I used to think there was something inside of me. Something special. Even when other people didn’t. Even after an uncle made fun of my singing, I kept singing. Even when I couldn’t make sense of written notation and my playing abilities were limited I kept writing songs. Even when nothing made sense in my mind I kept on scribbling.
I don’t feel that way any more. And I’ve come to realise that my motivations for wanting to be creative are very different. Mostly I’m just hoping some creative output will make up for the hopeless failure I feel I’ve become. Unemployed, unhinged, uninvolved – so many ‘un’ words, so much lacking. I can’t be who other people want, and I can’t be myself and I can’t seem to find a way to be happy. I can’t hold up pretenses. I can’t pretend I’m not completely disillusioned with everything. I know it’s been a really long day and that I’m dabbling with things – art supplies and techniques, specifically – that I know next to nothing about, but right now my heart is breaking. I just want to give it all away. I want to get rid of all these art supplies and stop embarrassing myself.

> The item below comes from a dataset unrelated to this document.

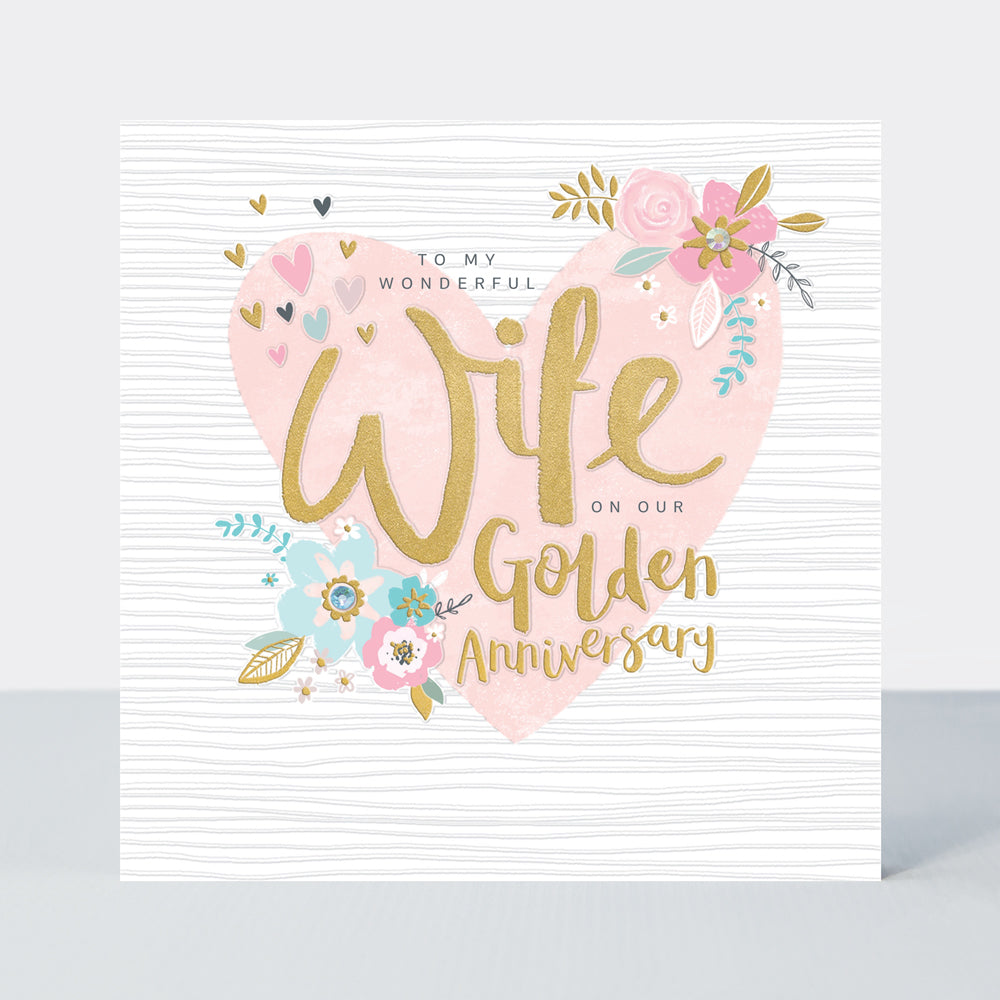 Peony - Wife Golden Anniversary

Art was always my consolation. In my loneliness I would take comfort in the poems I’d etch out. When peers would ignore me I’d receive interaction and stimulation instead from teachers happy with my work. And that day I told the person who made my heart sing that I loved them, that day when they admitted they weren’t interested in me at all, I told myself I would at least have a song. My heart couldn’t stand the interrogation my mind was giving it. Asking over and over “why don’t you like me? why am I not good enough?” didn’t seem to change the facts that you didn’t and I wasn’t. So I distracted myself with lines and rhymes, counting syllables and changing chords. I mourned at my Roland keyboard, keeping busy and sane.
Art was always my consolation, but I hoped that it might too be my salvation. I hoped it would make things better. I hoped it would explain things, I hoped it would explain me. I hoped (if not the son they imagined) it would produce a son of which my parents could still be proud. I hoped that it would impress the next person to steal my heart. I hoped that it would somehow fill all the various voids.
But it’s too much – and not enough, all at once. I feel the shame of not feeling like enough coupled with the pressure to be prolific and profound when in truth I’m just a very amateur, very frustrated painter hack. Things need to change. How, I don’t yet know. But things need to change.